------ Input

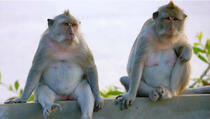 Kina klonirala genetski izmijenjenog majmuna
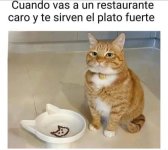 er plato fuerte xdddd.jpg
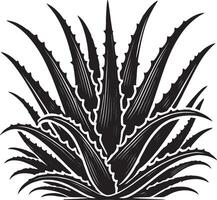 Simplistic aloe vera icon shape shadow against a white surface vector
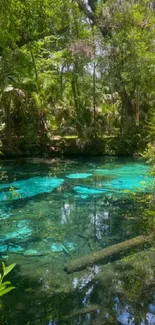 Emerald green forest pool with lush trees and reflective water.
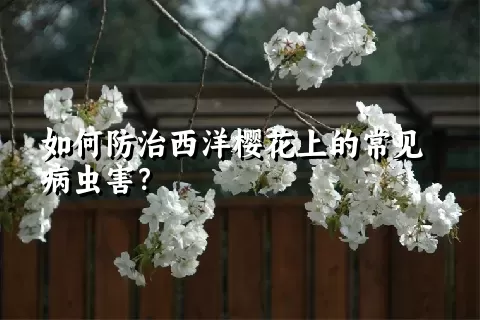 如何防治西洋樱花上的常见病虫害？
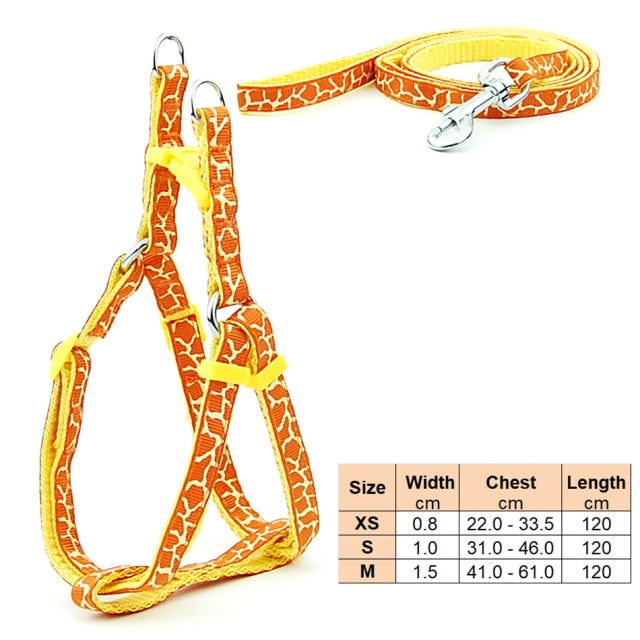 Small Dog Cat Harness Leash - Laven Club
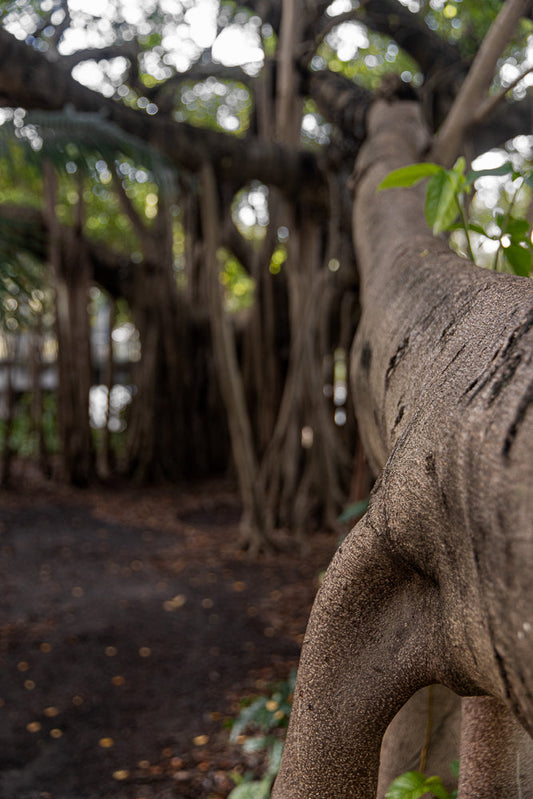 A close-up, low-angle shot of a large, textured tree trunk in the foreground, with a blurred background of a banyan tree with hanging aerial roots and dappled sunlight filtering through the leaves.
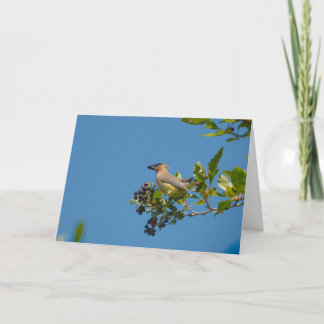Cedar Waxwing Prettig Vakantie Kaart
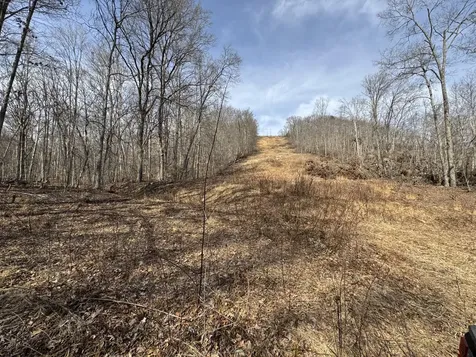 0 Hardwood Road Hillsboro KY 41049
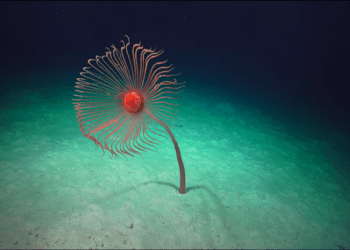 The Most recent under water expedition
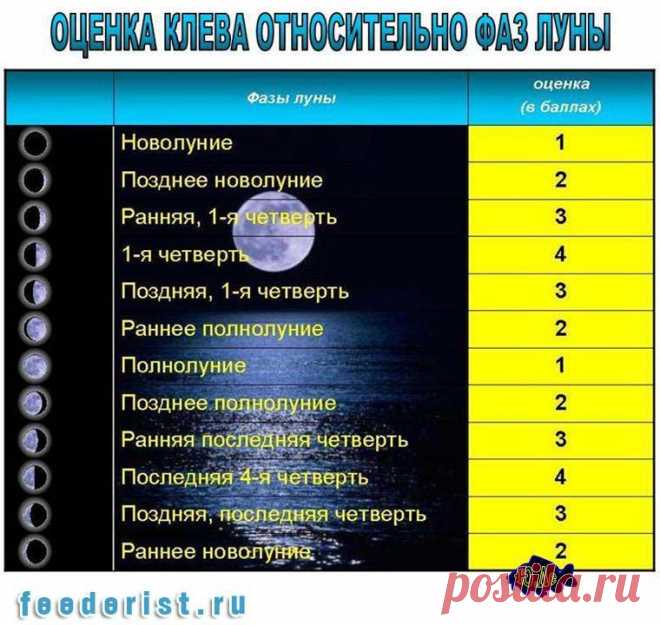 Влияние Луны на клев рыбы | НА РЫБАЛКУ !!!!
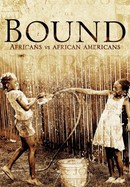 Bound: Africans vs. African Americans poster image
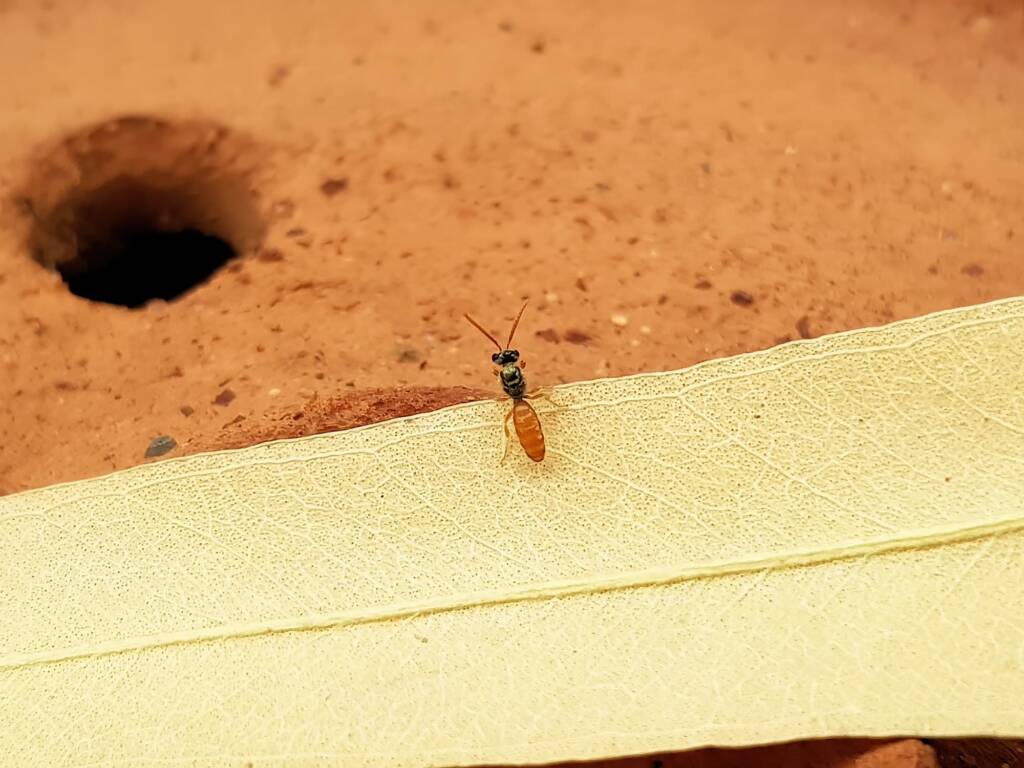 Lasioglossum (Homalictus) dotatum, Alice Springs NT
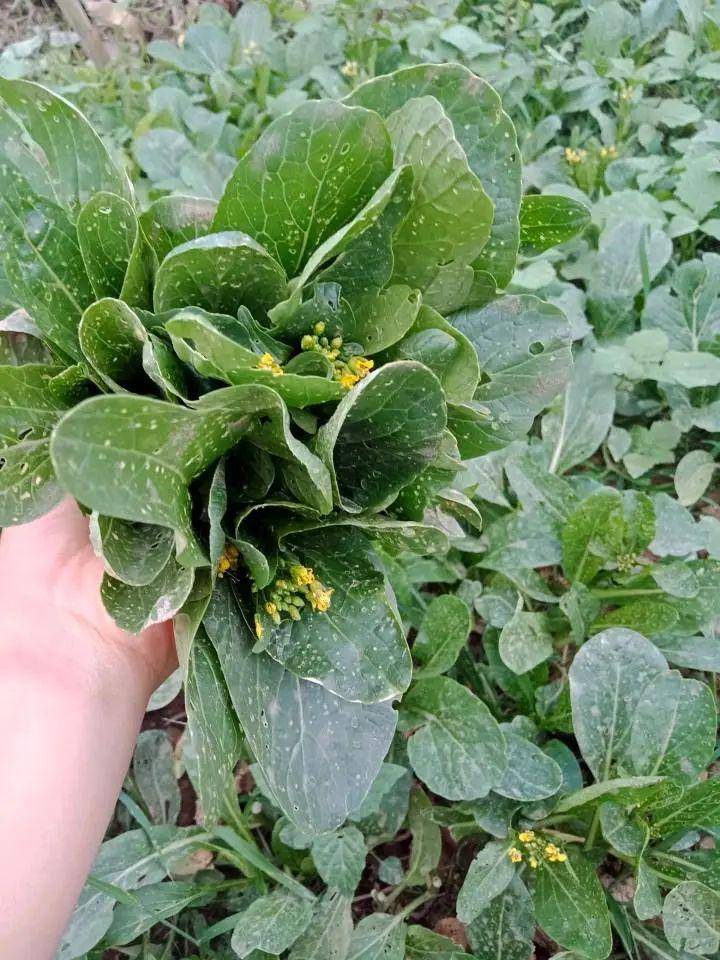 答:酸雨会使农作物大幅度减产,像大豆,蔬菜受酸雨影响会导致蛋白质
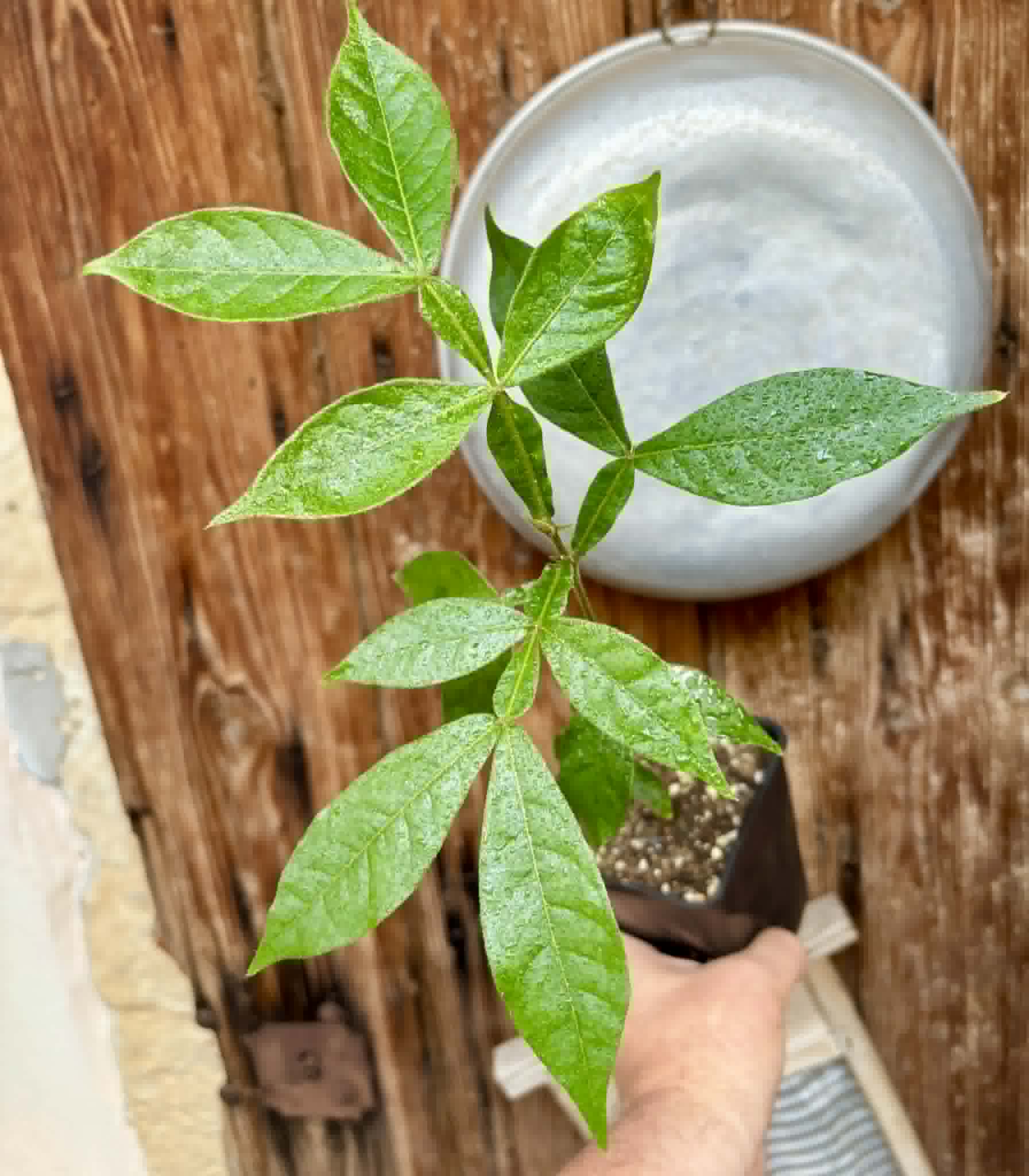Inga vera  - 1 potted seedling / 1 getopfter Sämling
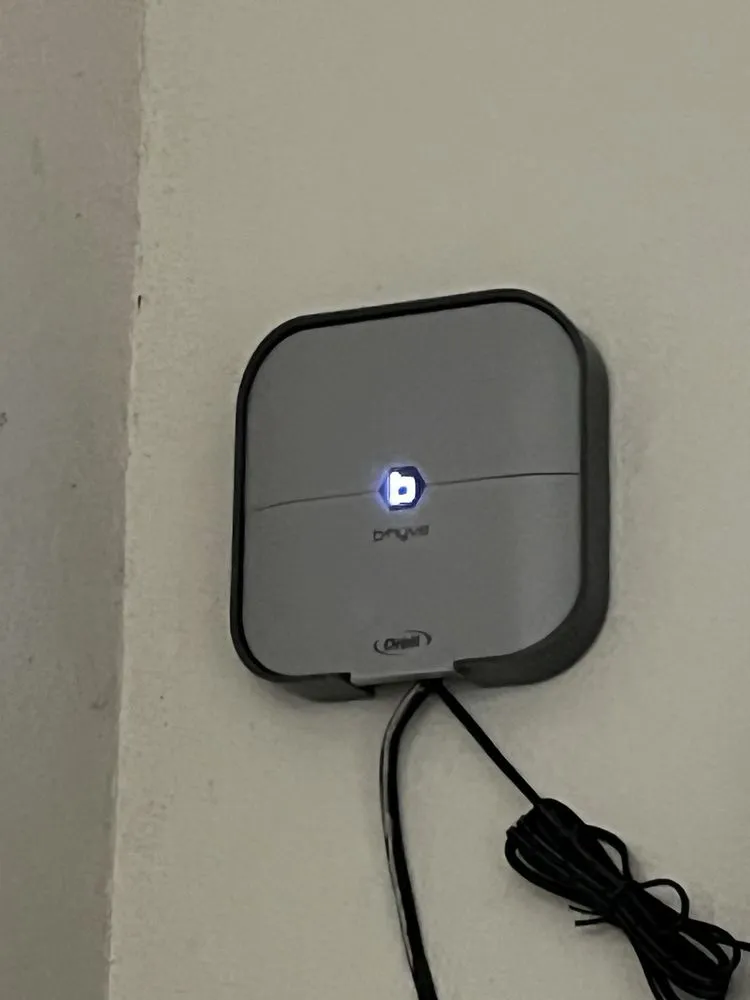 Reliable lawn care service for outdoor upgrades in Los Angeles, CA by Ramona's Son Services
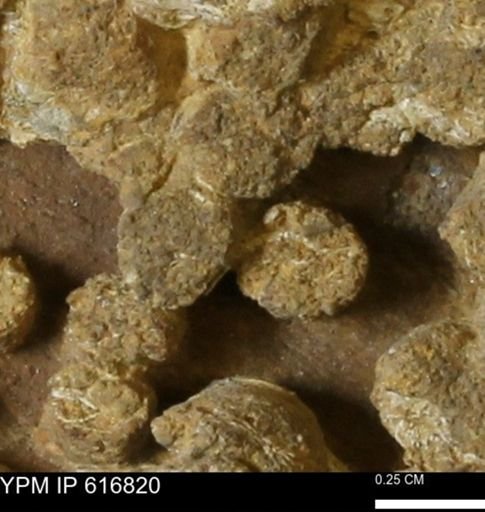 Teredo sp.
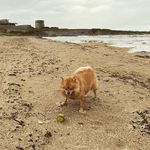 Ann Hinds - @ann.hinds - Instagram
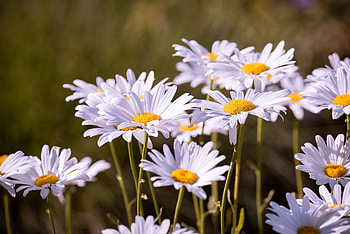 Flowers, Camomile, Petals HD wallpaper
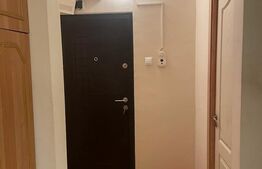 Apartament 2 camere, 50 mp, Brazda, zona Big Family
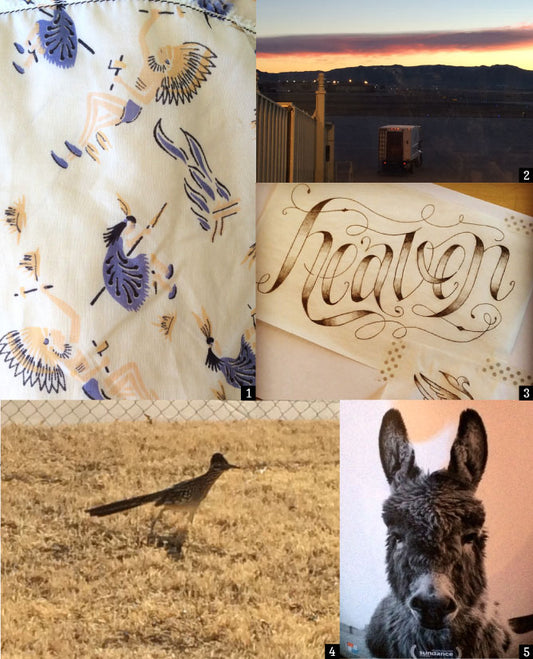 Looking back and stepping forward...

------------

Repeat word for word the lines beginning at the one with "Reliable lawn care" and ending at the final line of the records above, both included, and no others. Leave the pictures out.

 Reliable lawn care service for outdoor upgrades in Los Angeles, CA by Ramona's Son Services
 Teredo sp.
 Ann Hinds - @ann.hinds - Instagram
 Flowers, Camomile, Petals HD wallpaper
 Apartament 2 camere, 50 mp, Brazda, zona Big Family
 Looking back and stepping forward...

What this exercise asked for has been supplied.